-------- Supplied information --------
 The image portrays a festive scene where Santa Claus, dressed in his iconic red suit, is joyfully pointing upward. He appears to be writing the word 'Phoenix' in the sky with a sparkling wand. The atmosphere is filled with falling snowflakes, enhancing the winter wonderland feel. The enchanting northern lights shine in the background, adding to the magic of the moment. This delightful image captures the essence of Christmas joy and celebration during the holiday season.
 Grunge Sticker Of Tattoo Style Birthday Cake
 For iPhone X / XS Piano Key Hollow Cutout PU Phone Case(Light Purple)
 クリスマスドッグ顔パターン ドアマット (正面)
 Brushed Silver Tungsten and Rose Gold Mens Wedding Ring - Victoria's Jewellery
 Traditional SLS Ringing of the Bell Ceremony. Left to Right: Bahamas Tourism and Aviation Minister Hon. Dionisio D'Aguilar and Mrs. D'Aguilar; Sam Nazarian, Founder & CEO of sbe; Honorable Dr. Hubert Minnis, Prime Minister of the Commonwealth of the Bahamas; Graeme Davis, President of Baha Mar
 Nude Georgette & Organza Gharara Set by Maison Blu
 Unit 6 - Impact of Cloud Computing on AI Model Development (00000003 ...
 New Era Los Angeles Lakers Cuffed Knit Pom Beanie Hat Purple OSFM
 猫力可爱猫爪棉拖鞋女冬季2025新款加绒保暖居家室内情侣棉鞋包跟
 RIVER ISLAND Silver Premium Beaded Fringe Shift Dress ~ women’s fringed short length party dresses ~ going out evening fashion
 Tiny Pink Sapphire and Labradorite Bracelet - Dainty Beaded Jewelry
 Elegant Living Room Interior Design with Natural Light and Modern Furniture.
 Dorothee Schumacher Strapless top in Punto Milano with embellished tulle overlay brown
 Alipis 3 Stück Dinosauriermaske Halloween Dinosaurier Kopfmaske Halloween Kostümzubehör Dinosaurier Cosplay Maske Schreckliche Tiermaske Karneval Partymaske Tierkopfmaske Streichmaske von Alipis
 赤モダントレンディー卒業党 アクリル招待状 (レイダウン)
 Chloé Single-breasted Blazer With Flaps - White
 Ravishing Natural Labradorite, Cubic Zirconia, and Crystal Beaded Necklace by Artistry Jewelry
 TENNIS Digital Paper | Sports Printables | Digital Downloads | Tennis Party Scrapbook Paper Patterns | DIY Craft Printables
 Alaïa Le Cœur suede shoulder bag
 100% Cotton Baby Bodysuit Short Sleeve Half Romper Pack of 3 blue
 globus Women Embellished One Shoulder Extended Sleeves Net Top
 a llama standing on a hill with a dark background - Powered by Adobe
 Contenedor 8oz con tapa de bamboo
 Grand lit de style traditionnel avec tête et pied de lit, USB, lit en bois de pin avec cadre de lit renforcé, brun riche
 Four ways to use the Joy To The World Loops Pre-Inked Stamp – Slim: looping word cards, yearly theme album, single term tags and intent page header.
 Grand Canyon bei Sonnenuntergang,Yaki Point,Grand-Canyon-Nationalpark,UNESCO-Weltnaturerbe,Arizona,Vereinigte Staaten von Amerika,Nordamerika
--------
### [Requirement]
Give back exactly the lines from the one containing "Tiny Pink Sapphire" through the end of the material above, and nothing else.

### [Solution below]
 Tiny Pink Sapphire and Labradorite Bracelet - Dainty Beaded Jewelry
 Elegant Living Room Interior Design with Natural Light and Modern Furniture.
 Dorothee Schumacher Strapless top in Punto Milano with embellished tulle overlay brown
 Alipis 3 Stück Dinosauriermaske Halloween Dinosaurier Kopfmaske Halloween Kostümzubehör Dinosaurier Cosplay Maske Schreckliche Tiermaske Karneval Partymaske Tierkopfmaske Streichmaske von Alipis
 赤モダントレンディー卒業党 アクリル招待状 (レイダウン)
 Chloé Single-breasted Blazer With Flaps - White
 Ravishing Natural Labradorite, Cubic Zirconia, and Crystal Beaded Necklace by Artistry Jewelry
 TENNIS Digital Paper | Sports Printables | Digital Downloads | Tennis Party Scrapbook Paper Patterns | DIY Craft Printables
 Alaïa Le Cœur suede shoulder bag
 100% Cotton Baby Bodysuit Short Sleeve Half Romper Pack of 3 blue
 globus Women Embellished One Shoulder Extended Sleeves Net Top
 a llama standing on a hill with a dark background - Powered by Adobe
 Contenedor 8oz con tapa de bamboo
 Grand lit de style traditionnel avec tête et pied de lit, USB, lit en bois de pin avec cadre de lit renforcé, brun riche
 Four ways to use the Joy To The World Loops Pre-Inked Stamp – Slim: looping word cards, yearly theme album, single term tags and intent page header.
 Grand Canyon bei Sonnenuntergang,Yaki Point,Grand-Canyon-Nationalpark,UNESCO-Weltnaturerbe,Arizona,Vereinigte Staaten von Amerika,Nordamerika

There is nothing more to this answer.